--- About this exercise ---
For this exercise, repeat exactly the lines below starting at the line holding "Ralph Lauren Women" and ending at the line holding "Chimbote, Peru Panoramic", both included, with no extra lines and no pictures.

--- Records for the exercise ---

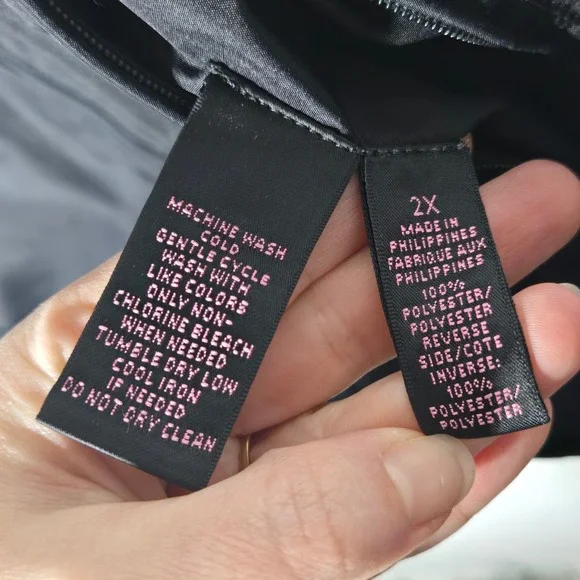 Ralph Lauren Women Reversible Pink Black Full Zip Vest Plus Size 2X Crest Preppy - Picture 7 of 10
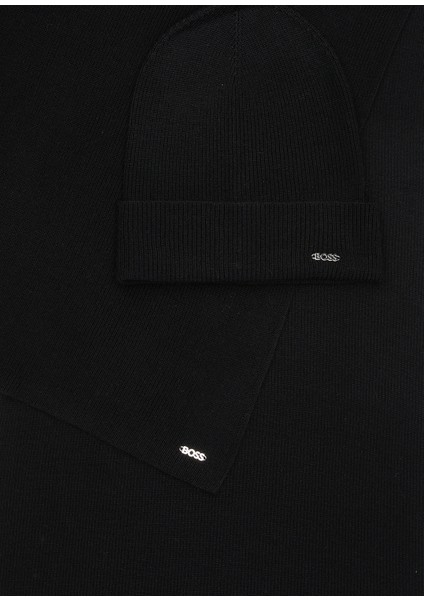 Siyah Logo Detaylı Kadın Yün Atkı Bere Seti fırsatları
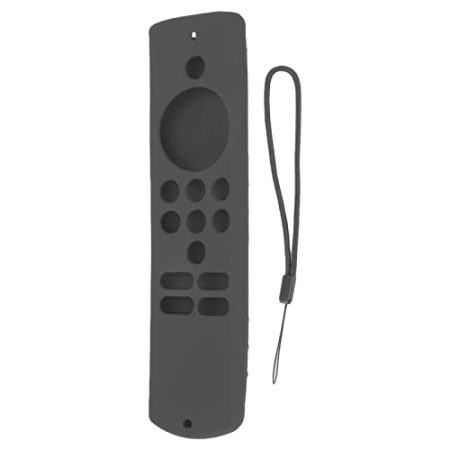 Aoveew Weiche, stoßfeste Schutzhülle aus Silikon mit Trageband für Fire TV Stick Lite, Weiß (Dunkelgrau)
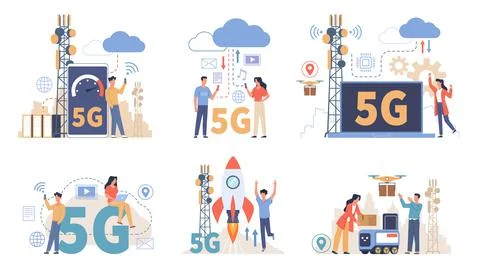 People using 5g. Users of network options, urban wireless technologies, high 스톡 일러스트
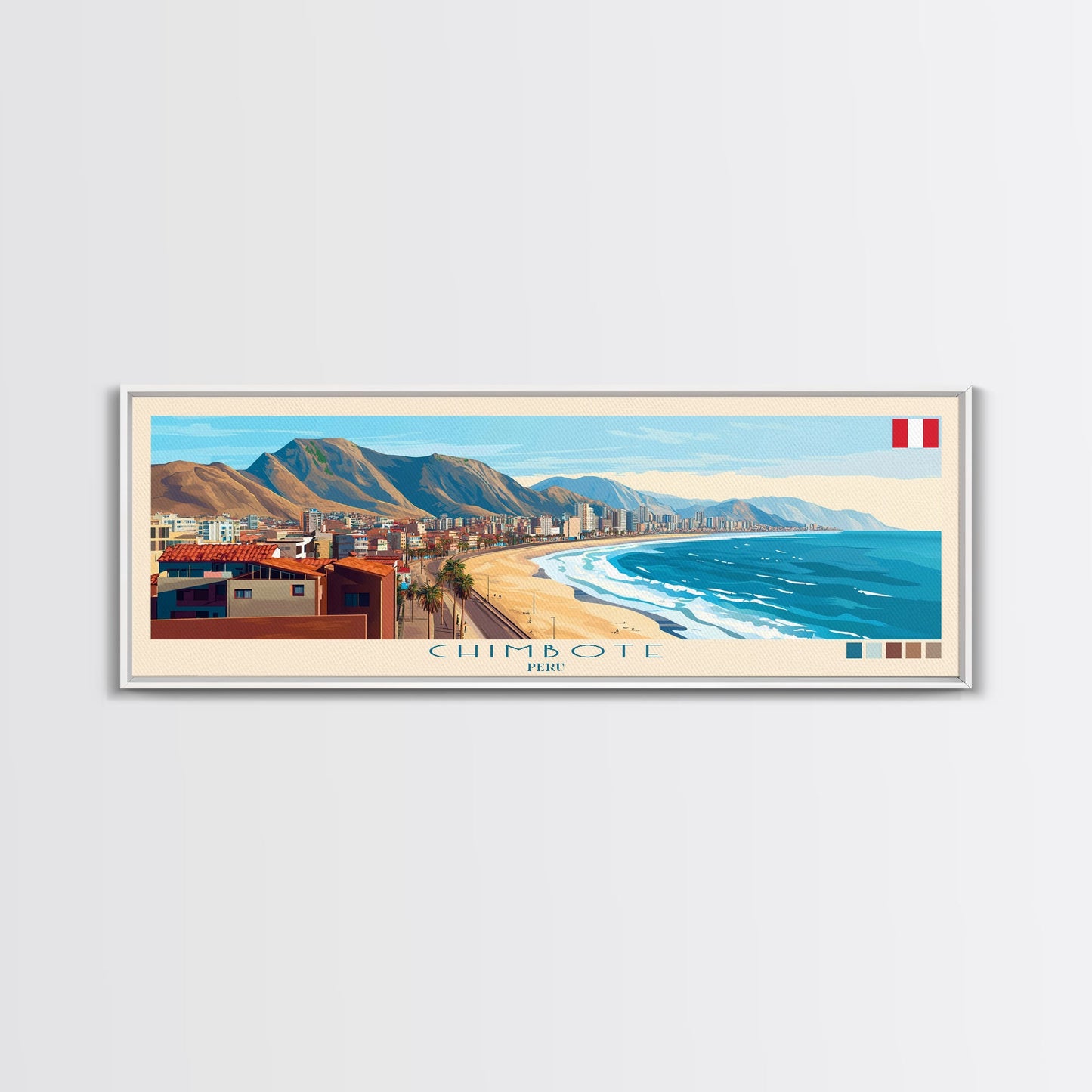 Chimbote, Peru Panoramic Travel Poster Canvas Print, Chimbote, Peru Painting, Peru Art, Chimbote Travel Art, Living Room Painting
--
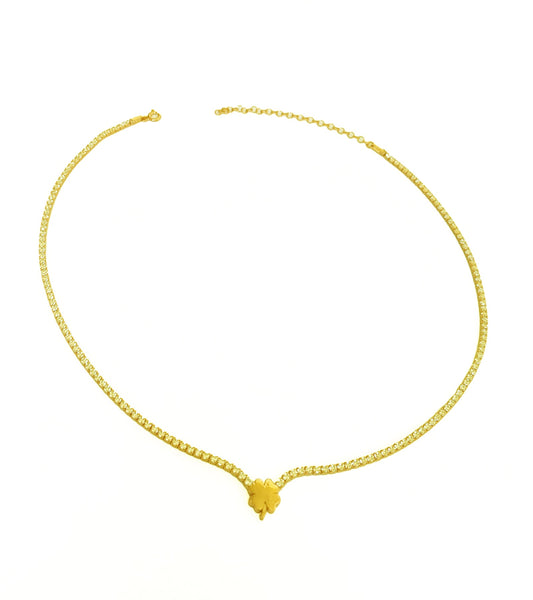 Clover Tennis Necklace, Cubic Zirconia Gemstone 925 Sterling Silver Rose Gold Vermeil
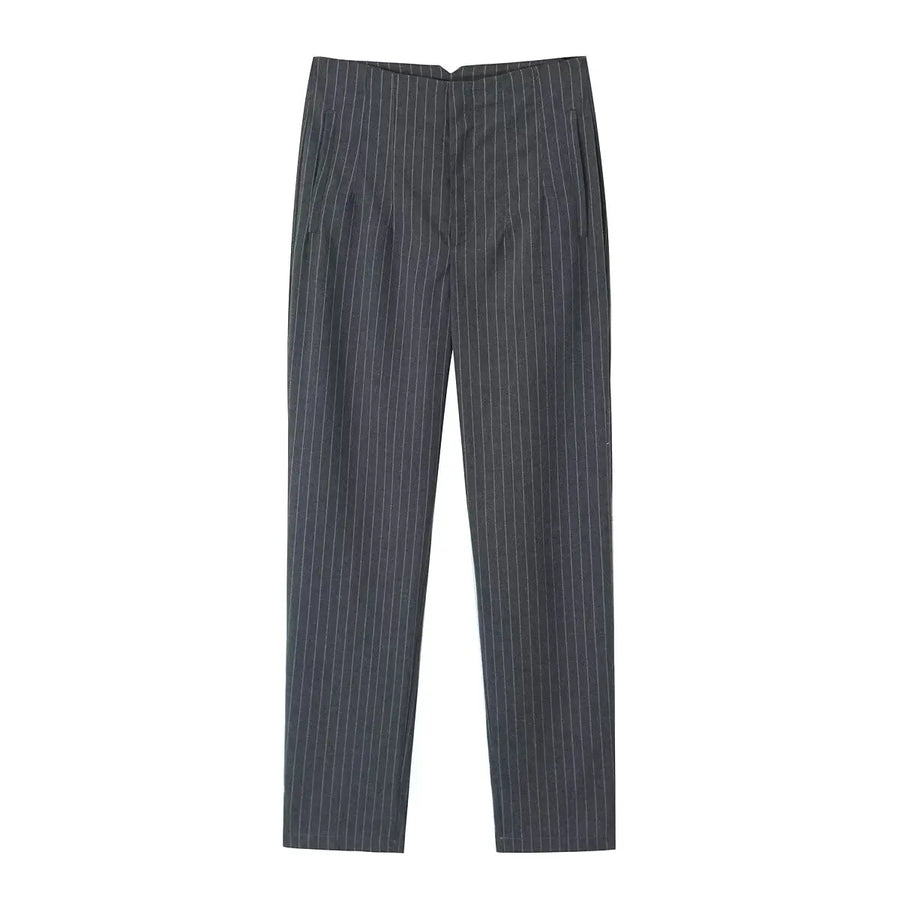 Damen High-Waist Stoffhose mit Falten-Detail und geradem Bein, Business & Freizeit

--- Expected output ---
 Ralph Lauren Women Reversible Pink Black Full Zip Vest Plus Size 2X Crest Preppy - Picture 7 of 10
 Siyah Logo Detaylı Kadın Yün Atkı Bere Seti fırsatları
 Aoveew Weiche, stoßfeste Schutzhülle aus Silikon mit Trageband für Fire TV Stick Lite, Weiß (Dunkelgrau)
 People using 5g. Users of network options, urban wireless technologies, high 스톡 일러스트
 Chimbote, Peru Panoramic Travel Poster Canvas Print, Chimbote, Peru Painting, Peru Art, Chimbote Travel Art, Living Room Painting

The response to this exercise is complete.